Historic Indianapolis war memorial statue returned after restoration

Saturday, September 3, 2011
Indiana War Memorial Soldiers and Sailors Monument statue Victory returns home Friday after restoration at Indiana National Guard headquarters.

INDIANAPOLIS -- She's ba-a-ack.

Lady Victory, the 38-foot-tall bronze sculpture that resides atop the Soldiers and Sailors Monument, more than 284 feet above Monument Circle in the center of Indianapolis, has been restored and was returned home Friday.

The statue was removed from the monument last April after workers discovered corrosion while repairing the observation deck in 2009.

The $1.5 million restoration began in Indiana National Guard Joint Forces Headquarters at Stout Field, Indianapolis, in April and were finished two months ahead of schedule

Hoosiers will have their best chance in 118 years to get an up-close and personal look at Victory, who will be on display at ground level until Tuesday. That is when a crane will hoist the 20,000-pound bronze sculpture back atop the monument Tuesday, beginning about 6 a.m.

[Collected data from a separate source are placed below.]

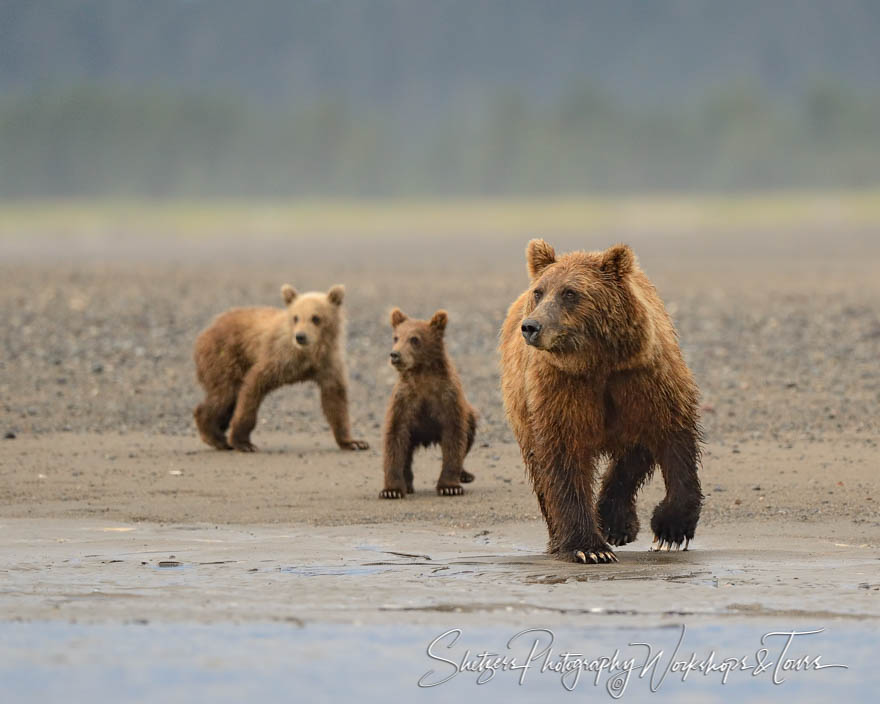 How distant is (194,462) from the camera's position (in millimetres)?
9953

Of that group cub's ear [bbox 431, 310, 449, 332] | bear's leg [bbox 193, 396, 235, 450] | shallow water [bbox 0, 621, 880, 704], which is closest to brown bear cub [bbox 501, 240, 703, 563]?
shallow water [bbox 0, 621, 880, 704]

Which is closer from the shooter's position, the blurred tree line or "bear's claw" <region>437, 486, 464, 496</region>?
"bear's claw" <region>437, 486, 464, 496</region>

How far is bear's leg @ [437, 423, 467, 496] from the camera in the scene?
347 inches

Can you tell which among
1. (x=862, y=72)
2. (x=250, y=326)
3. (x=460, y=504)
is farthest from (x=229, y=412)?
(x=862, y=72)

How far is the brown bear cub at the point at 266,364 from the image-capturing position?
34.2 ft

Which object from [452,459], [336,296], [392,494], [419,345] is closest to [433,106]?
[336,296]

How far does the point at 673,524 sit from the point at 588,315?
1020 millimetres

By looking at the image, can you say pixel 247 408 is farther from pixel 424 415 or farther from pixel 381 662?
pixel 381 662

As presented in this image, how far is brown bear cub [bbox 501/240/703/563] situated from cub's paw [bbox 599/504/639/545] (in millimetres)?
246

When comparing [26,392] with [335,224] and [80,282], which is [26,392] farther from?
[335,224]

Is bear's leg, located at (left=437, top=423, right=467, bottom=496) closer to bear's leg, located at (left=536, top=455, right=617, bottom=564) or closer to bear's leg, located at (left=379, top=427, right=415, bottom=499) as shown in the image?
bear's leg, located at (left=379, top=427, right=415, bottom=499)

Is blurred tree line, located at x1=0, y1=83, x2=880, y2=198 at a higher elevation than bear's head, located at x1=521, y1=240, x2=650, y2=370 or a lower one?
higher

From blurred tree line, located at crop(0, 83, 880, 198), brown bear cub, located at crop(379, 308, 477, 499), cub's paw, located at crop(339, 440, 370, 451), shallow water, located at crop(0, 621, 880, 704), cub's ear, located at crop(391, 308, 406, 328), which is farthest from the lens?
blurred tree line, located at crop(0, 83, 880, 198)

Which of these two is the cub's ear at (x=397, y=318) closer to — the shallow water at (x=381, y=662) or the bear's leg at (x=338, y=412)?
the bear's leg at (x=338, y=412) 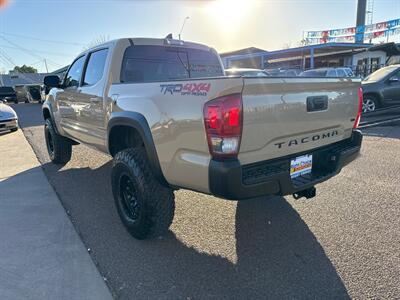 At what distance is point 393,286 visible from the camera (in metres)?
2.29

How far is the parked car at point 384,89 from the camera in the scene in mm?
9164

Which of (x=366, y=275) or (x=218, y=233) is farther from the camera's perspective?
(x=218, y=233)

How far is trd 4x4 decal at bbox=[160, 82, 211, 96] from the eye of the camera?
86.5 inches

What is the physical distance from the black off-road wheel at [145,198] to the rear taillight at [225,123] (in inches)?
36.3

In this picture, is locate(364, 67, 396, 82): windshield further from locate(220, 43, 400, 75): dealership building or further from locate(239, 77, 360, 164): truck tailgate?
locate(220, 43, 400, 75): dealership building

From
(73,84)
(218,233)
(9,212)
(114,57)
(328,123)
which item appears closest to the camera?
(328,123)

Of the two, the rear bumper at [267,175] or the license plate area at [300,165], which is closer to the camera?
the rear bumper at [267,175]

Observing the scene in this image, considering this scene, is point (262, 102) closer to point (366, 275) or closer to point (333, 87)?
point (333, 87)

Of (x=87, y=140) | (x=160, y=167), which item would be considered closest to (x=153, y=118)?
(x=160, y=167)

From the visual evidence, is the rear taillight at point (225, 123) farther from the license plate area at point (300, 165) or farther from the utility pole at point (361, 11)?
the utility pole at point (361, 11)

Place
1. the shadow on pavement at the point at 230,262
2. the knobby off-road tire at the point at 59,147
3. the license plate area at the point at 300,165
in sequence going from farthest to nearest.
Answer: the knobby off-road tire at the point at 59,147 → the license plate area at the point at 300,165 → the shadow on pavement at the point at 230,262

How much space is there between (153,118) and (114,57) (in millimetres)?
1312

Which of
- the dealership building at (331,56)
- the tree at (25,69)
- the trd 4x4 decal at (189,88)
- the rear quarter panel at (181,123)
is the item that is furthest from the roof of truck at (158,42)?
the tree at (25,69)

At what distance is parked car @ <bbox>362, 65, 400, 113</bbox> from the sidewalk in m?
9.20
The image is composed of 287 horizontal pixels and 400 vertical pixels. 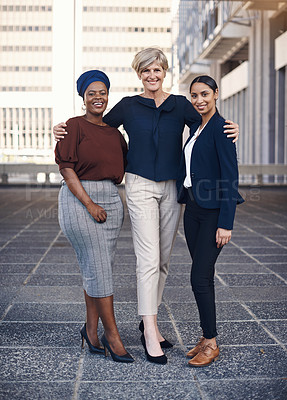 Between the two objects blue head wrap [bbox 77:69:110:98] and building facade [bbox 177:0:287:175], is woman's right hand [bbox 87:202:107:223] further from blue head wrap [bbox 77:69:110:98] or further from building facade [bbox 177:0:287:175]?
building facade [bbox 177:0:287:175]

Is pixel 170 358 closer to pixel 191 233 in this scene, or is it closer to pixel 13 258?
pixel 191 233

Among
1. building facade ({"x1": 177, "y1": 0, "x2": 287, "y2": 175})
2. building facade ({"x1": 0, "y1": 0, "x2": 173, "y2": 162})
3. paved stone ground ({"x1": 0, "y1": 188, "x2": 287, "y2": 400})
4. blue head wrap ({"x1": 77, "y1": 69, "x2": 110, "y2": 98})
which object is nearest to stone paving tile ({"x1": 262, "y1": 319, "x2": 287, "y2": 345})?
paved stone ground ({"x1": 0, "y1": 188, "x2": 287, "y2": 400})

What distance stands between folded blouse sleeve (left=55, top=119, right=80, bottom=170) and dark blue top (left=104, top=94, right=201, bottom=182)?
0.30 m

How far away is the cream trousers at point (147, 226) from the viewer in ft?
11.6

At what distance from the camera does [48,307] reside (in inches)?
181

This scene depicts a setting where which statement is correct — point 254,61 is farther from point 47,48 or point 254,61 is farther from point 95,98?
point 47,48

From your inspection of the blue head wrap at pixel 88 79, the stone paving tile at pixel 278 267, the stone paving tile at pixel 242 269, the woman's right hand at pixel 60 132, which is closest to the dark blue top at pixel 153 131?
the blue head wrap at pixel 88 79

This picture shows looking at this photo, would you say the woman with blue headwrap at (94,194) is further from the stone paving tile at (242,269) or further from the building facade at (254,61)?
the building facade at (254,61)

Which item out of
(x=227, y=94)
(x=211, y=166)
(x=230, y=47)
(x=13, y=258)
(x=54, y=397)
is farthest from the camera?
(x=227, y=94)

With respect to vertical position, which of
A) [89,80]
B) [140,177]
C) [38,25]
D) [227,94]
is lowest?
[140,177]

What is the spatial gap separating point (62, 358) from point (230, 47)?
2873cm

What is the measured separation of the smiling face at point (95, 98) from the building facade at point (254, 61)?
18.4 m

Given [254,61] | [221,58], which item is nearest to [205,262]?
[254,61]

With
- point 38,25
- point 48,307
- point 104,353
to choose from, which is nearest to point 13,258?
point 48,307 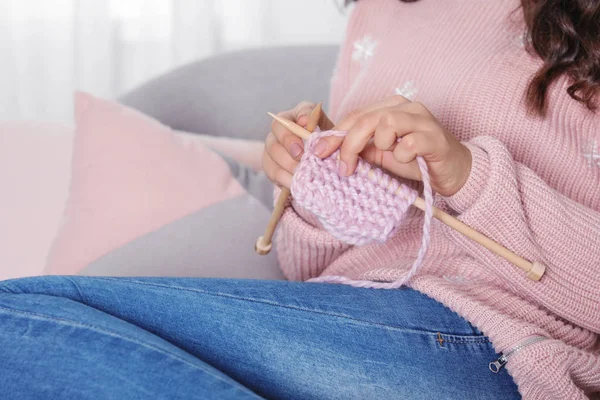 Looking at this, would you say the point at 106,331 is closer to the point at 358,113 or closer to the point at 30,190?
the point at 358,113

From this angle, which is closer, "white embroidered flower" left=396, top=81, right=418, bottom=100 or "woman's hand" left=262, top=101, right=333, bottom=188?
"woman's hand" left=262, top=101, right=333, bottom=188

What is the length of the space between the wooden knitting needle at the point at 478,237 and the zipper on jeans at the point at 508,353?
71 mm

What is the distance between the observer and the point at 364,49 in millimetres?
1119

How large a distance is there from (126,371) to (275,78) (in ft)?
3.07

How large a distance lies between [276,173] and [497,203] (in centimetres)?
28

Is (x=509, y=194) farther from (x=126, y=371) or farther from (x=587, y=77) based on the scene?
(x=126, y=371)

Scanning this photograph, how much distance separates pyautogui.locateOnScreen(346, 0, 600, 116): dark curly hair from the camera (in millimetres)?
872

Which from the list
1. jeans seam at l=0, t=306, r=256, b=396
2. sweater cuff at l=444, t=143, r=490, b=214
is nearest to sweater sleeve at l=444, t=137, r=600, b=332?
sweater cuff at l=444, t=143, r=490, b=214

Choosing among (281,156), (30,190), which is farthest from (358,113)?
(30,190)

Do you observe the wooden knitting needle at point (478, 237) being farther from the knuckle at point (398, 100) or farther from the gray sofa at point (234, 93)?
the gray sofa at point (234, 93)

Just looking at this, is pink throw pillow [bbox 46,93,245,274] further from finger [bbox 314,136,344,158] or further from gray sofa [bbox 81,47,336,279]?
finger [bbox 314,136,344,158]

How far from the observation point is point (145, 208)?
1.06 meters

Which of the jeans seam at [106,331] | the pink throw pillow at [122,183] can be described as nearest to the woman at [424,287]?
the jeans seam at [106,331]

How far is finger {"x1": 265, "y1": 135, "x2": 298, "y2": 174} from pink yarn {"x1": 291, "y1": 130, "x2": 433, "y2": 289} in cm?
7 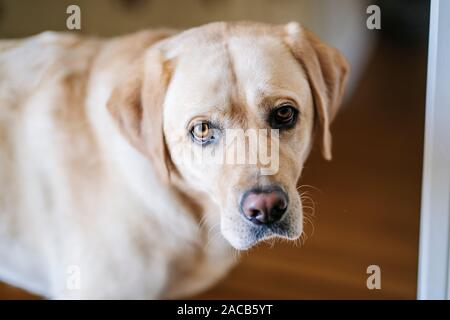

"The last time she was lifted up there was 118 years ago, and they used horses and pulleys," Brig. Gen. J. Stewart Goodwin, executive director of the Indiana War Memorials Commission, said. "The next time they'll need to bring it down, they'll probably be able to use spaceships."

Just 15 feet shorter than the Statue of Liberty, the monument was originally intended to memorialize Indiana's Civil War veterans (and ongoing as it was built, Spanish-American War vets). It is the tallest Civil War Monument in America dedicated to ordinary Soldiers and Sailors.

But if it weren't for Greencastle, there probably would not be a Soldiers & Sailors Monument in the heart of downtown Indianapolis at all. One of the lesser-known facts in Indiana history is that the idea of such a landmark was born in Greencastle.

It was actually the editor of the old Greencastle Banner who is credited with rallying the forces to create a Civil War monument to Hoosiers who made the ultimate sacrifice in defense of the Union.

It was in 1875 that George J. Langsdale, editor of one Banner Graphic's predecessor, attended a reunion of Civil War veterans and presented his monumental idea.

"The Banner Alley Sextet" -- a group of six Greencastle Civil War veterans who met regularly in Langsdale's print shop to discuss the affairs of the day -- were behind the idea. Besides Langsdale, they included Putnam County residents J. A. Jackson, Capt. Joseph Donohue, Lt. Henry Meltzer, Capt. J. F. Fee and Capt. Lucius Chapin.

Langsdale was picked to head the Monument Commission, appointed by Gov. Oliver P. Morton after the Indiana Legislature appropriated $200,000 for the monument in 1887.

The monument, dedicated on Sept. 5, 1893, cost $598,318 to erect. The recent restoration has cost $1.5 million, and building a similar structure today would cost more than $500 million, it has been estimated.